## TASK DIRECTIONS
Give the entries again exactly; drop the pictures.

## LISTED ENTRIES
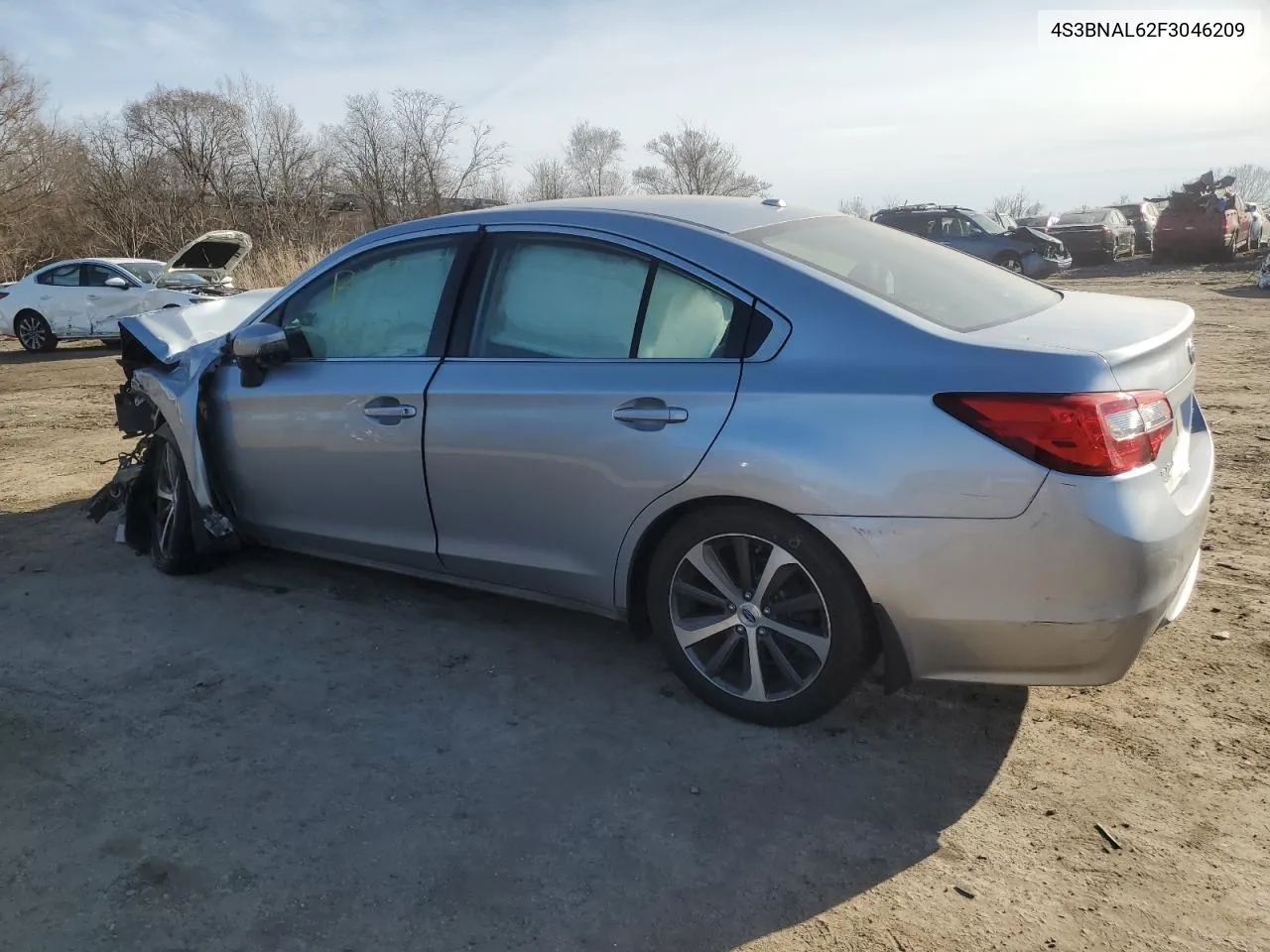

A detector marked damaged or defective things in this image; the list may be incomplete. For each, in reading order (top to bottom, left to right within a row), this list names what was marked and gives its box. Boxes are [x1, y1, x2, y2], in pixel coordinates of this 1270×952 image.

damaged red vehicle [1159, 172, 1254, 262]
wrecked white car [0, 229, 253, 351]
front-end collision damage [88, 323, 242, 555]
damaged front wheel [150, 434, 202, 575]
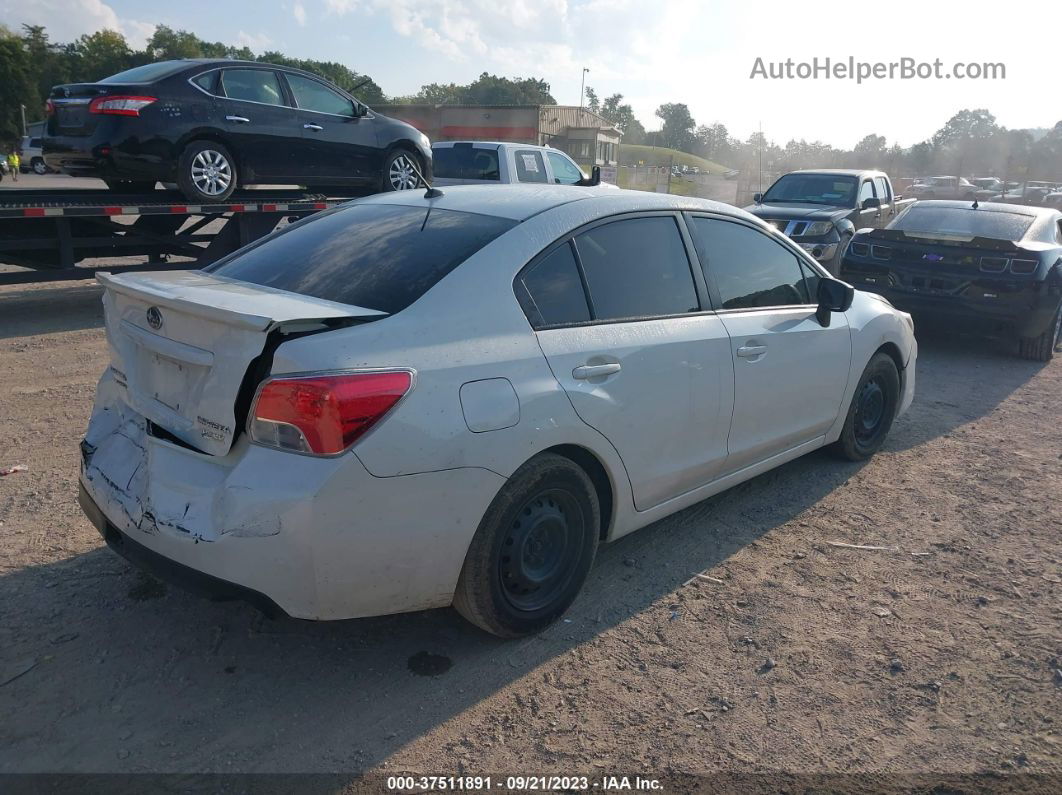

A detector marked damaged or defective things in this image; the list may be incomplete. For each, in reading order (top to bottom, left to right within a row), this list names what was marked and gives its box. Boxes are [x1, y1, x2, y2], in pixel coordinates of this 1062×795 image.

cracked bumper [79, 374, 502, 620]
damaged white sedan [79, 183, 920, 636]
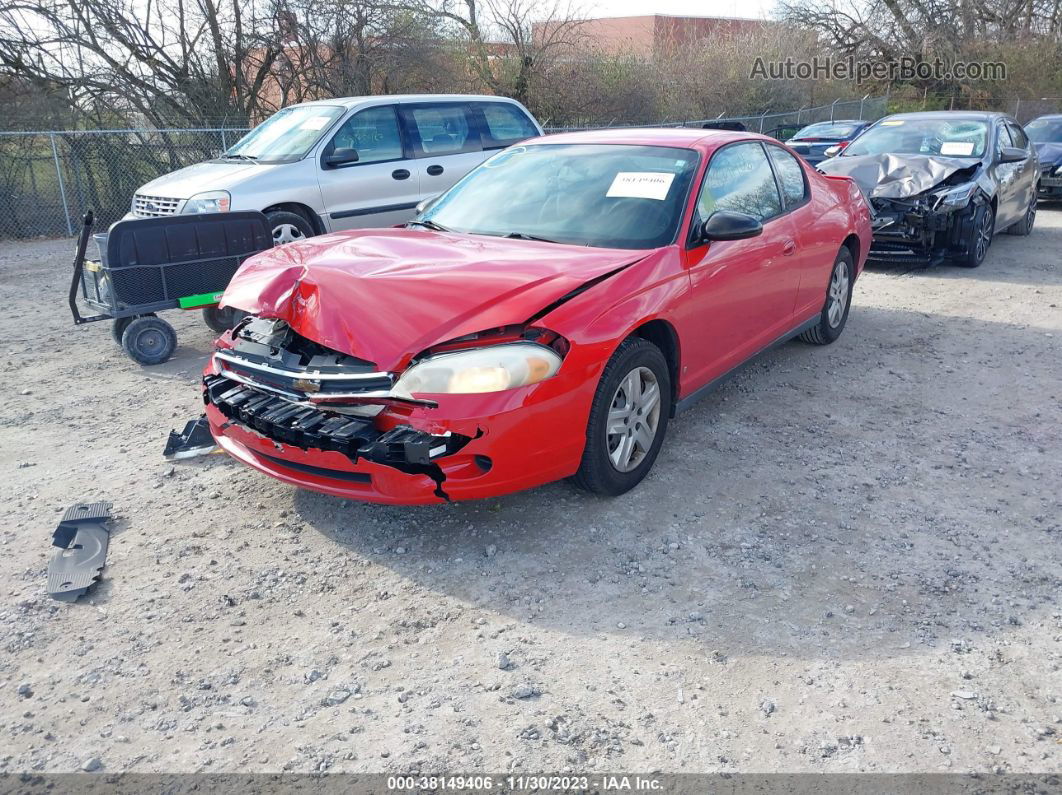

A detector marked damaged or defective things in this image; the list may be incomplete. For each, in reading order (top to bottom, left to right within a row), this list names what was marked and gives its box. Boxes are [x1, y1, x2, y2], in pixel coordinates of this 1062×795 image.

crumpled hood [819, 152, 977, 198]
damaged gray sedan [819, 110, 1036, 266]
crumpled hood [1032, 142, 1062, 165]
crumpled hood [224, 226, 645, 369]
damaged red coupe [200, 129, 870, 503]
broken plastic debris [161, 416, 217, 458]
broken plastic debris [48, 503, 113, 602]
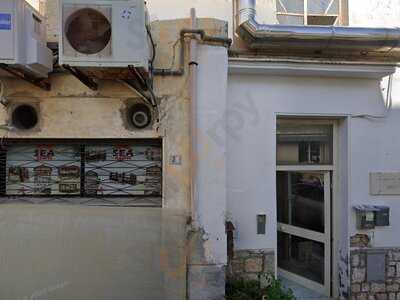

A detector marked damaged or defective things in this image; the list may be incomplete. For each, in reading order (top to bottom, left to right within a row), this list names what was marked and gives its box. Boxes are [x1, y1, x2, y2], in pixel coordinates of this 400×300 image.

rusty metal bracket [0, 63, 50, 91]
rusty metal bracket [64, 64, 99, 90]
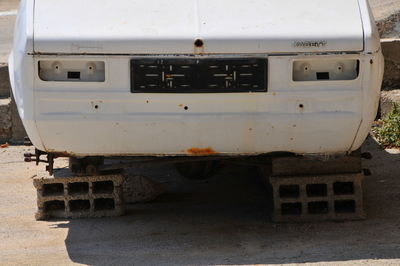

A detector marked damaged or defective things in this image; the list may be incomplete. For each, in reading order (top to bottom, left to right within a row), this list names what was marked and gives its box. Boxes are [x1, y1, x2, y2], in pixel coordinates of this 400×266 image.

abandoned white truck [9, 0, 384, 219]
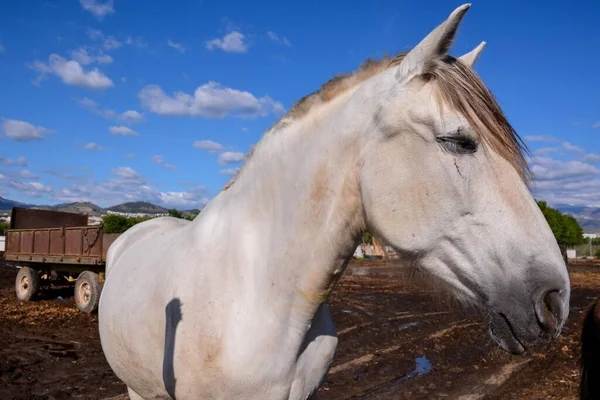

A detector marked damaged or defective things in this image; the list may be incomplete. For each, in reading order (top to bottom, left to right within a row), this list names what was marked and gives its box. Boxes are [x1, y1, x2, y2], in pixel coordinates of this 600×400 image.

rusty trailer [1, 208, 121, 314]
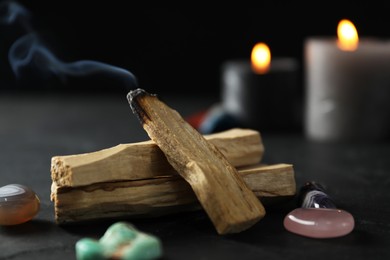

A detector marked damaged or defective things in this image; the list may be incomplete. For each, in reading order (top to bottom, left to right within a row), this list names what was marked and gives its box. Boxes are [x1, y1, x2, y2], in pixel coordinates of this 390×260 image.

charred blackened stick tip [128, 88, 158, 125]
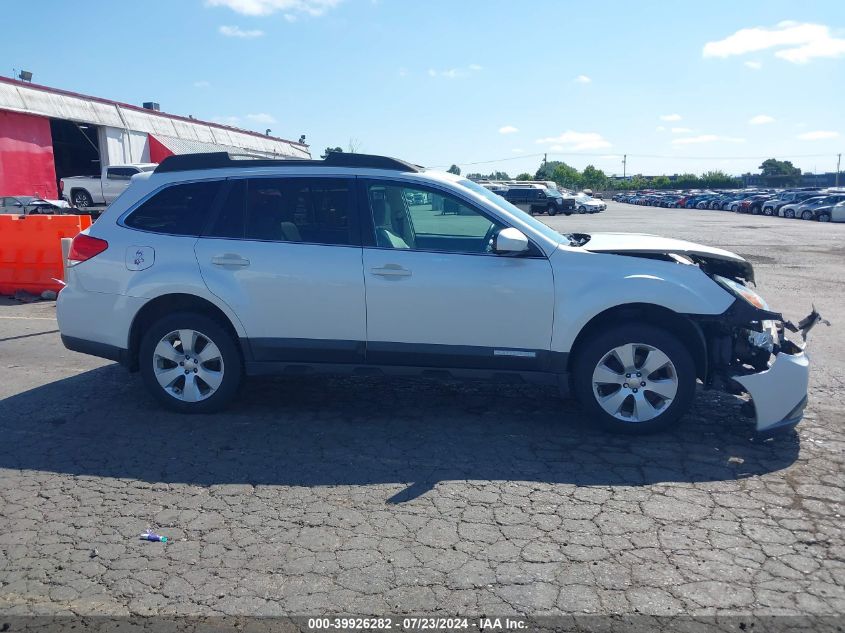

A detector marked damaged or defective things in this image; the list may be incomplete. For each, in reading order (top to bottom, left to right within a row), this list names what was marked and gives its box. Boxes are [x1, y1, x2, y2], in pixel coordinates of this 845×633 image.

## TASK ANSWER
A detector marked damaged or defective things in this image; the list may be incomplete. For each, in reading order (top to bottom, left to right within a row), this list names what was marked and gives its box. Boxes are [x1, y1, x2, y2], in pixel coordinates of this 1270×952 image.

damaged red vehicle [1159, 172, 1254, 262]
wrecked white car [0, 229, 253, 351]
front-end collision damage [88, 323, 242, 555]
damaged front wheel [150, 434, 202, 575]

A detector marked damaged or defective things in this image; the list may be incomplete. For each, in reading order (top to bottom, left to right within a row), this list names what was marked and gives its box. Boxes are [x1, y1, x2, y2], in pixel coordinates of this 1062×795 image.

cracked bumper [79, 374, 502, 620]
damaged white sedan [79, 183, 920, 636]

A detector marked damaged or defective things in this image; the list may be incomplete. For each, in reading order (top to bottom, left to right within a row), this list names what was marked and gives its box. Boxes are [x1, y1, x2, y2], in pixel coordinates of this 1062×795 image.

crumpled hood [819, 152, 977, 198]
damaged gray sedan [819, 110, 1036, 266]
crumpled hood [1032, 142, 1062, 165]
crumpled hood [224, 226, 645, 369]
damaged red coupe [200, 129, 870, 503]
broken plastic debris [161, 416, 217, 458]
broken plastic debris [48, 503, 113, 602]

A detector marked damaged or defective things in this image; the list may be incomplete. For each, in reading order (top to bottom, left to right within a row), this list names what was marked and gives its box. Boxes are [x1, y1, x2, y2], in pixel coordinates of this 400×300 image.

rusty metal bracket [0, 63, 50, 91]
rusty metal bracket [64, 64, 99, 90]

A detector marked damaged or defective things in this image; the list may be incomplete. For each, in reading order (top to bottom, left to right within a row), this list names what was marked and gives its box. Boxes are [x1, y1, x2, y2], in pixel coordinates of this 400×266 image.

abandoned white truck [9, 0, 384, 219]

A detector marked damaged or defective things in this image; the list may be incomplete. For each, in reading order (top to bottom, left to right within a row), this list names what was marked and gives its box. Boxes are [x1, y1, x2, y2], in pixel coordinates of this 600×400 image.

rusty trailer [1, 208, 121, 314]

A detector marked damaged or defective things in this image; the list may be incomplete. For each, in reading order (top to bottom, left to right within a row), this list names what was marked and gives its box. Boxes are [x1, y1, x2, y2], in pixel coordinates of this 390×260 image.

charred blackened stick tip [128, 88, 158, 125]

A detector marked damaged or defective things in this image; the list may be incomplete. For each, in reading order (top to bottom, left to right within a row), this list names what was marked and gives its box. Boxes are [x1, y1, x2, y2], in pixel coordinates of this 845×633 image.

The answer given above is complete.